> _Aim of the task_
When writing out the entries below, keep only the lines from the line with "Bannière de Dancing" to the line with "Coinbase and Samsung", both included, exactly as they are, and leave the pictures aside.

> _Supplied records_
• • • • • • •

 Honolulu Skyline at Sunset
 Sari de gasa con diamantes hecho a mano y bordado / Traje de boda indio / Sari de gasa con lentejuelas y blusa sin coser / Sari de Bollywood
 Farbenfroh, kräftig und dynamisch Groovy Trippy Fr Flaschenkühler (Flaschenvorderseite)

• • • • • • •

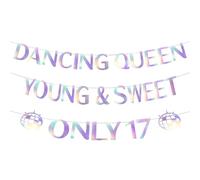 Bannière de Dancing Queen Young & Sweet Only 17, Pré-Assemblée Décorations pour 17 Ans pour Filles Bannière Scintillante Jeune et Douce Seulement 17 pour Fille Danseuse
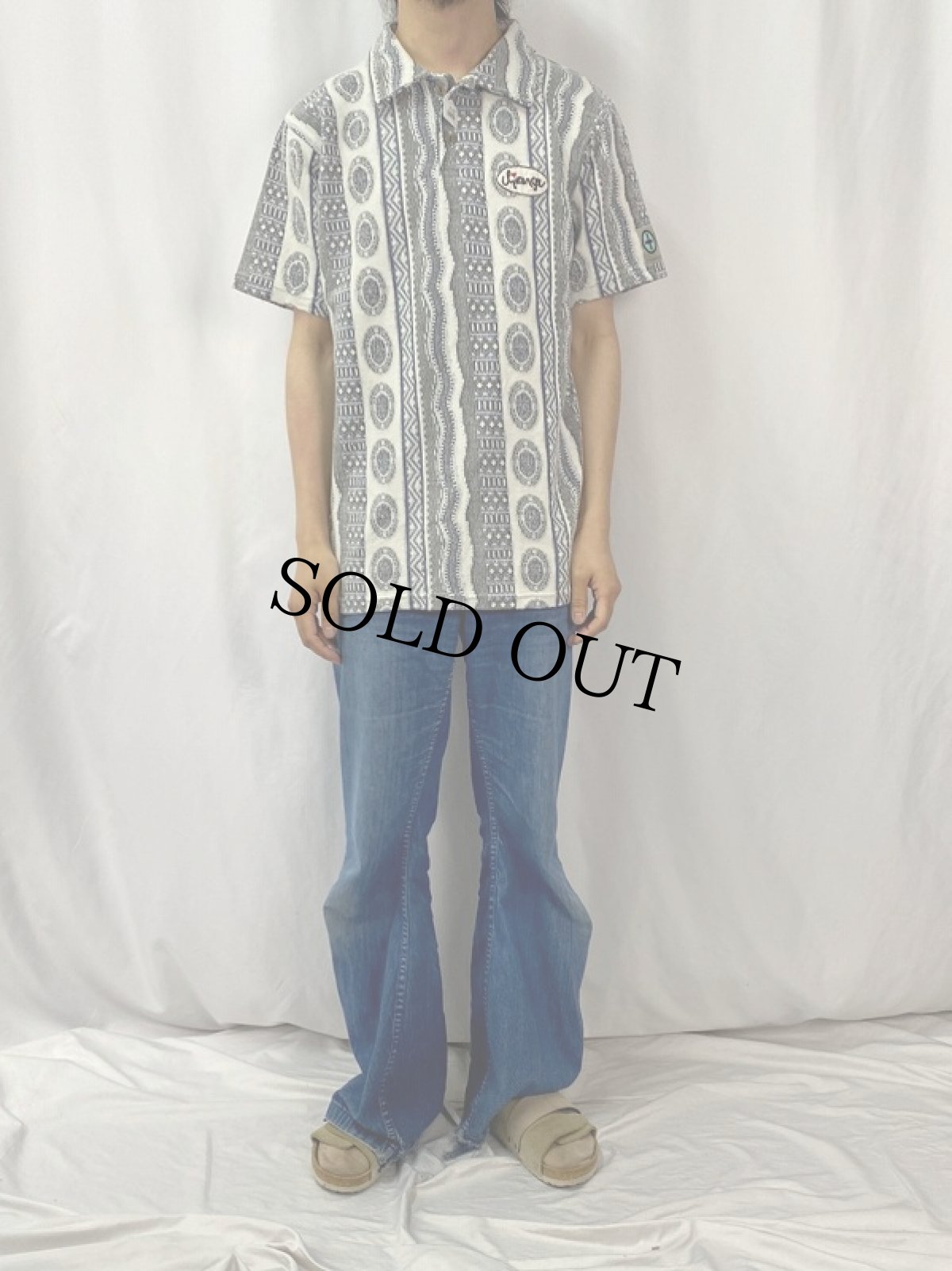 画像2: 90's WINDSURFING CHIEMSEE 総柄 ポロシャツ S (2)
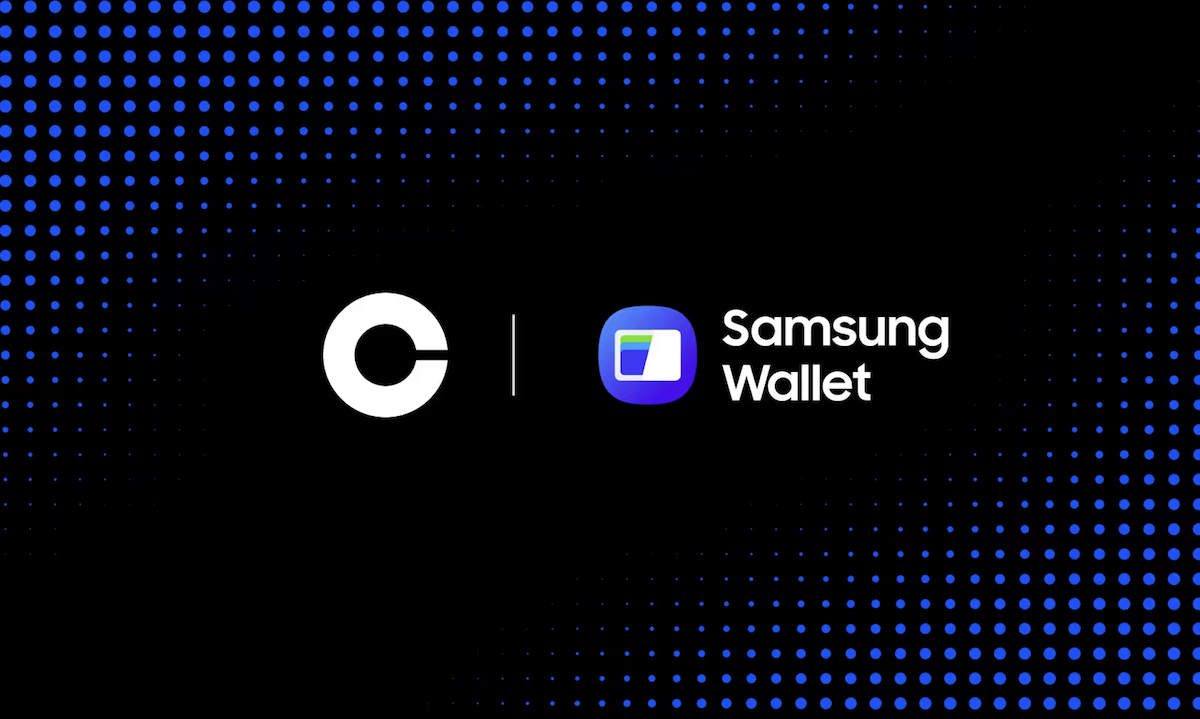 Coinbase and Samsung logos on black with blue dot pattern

• • • • • • •

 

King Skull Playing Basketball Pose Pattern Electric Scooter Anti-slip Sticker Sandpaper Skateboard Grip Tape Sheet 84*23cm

• • • • • • •

> _Answer for this exercise_
 Bannière de Dancing Queen Young & Sweet Only 17, Pré-Assemblée Décorations pour 17 Ans pour Filles Bannière Scintillante Jeune et Douce Seulement 17 pour Fille Danseuse
 画像2: 90's WINDSURFING CHIEMSEE 総柄 ポロシャツ S (2)
 Coinbase and Samsung logos on black with blue dot pattern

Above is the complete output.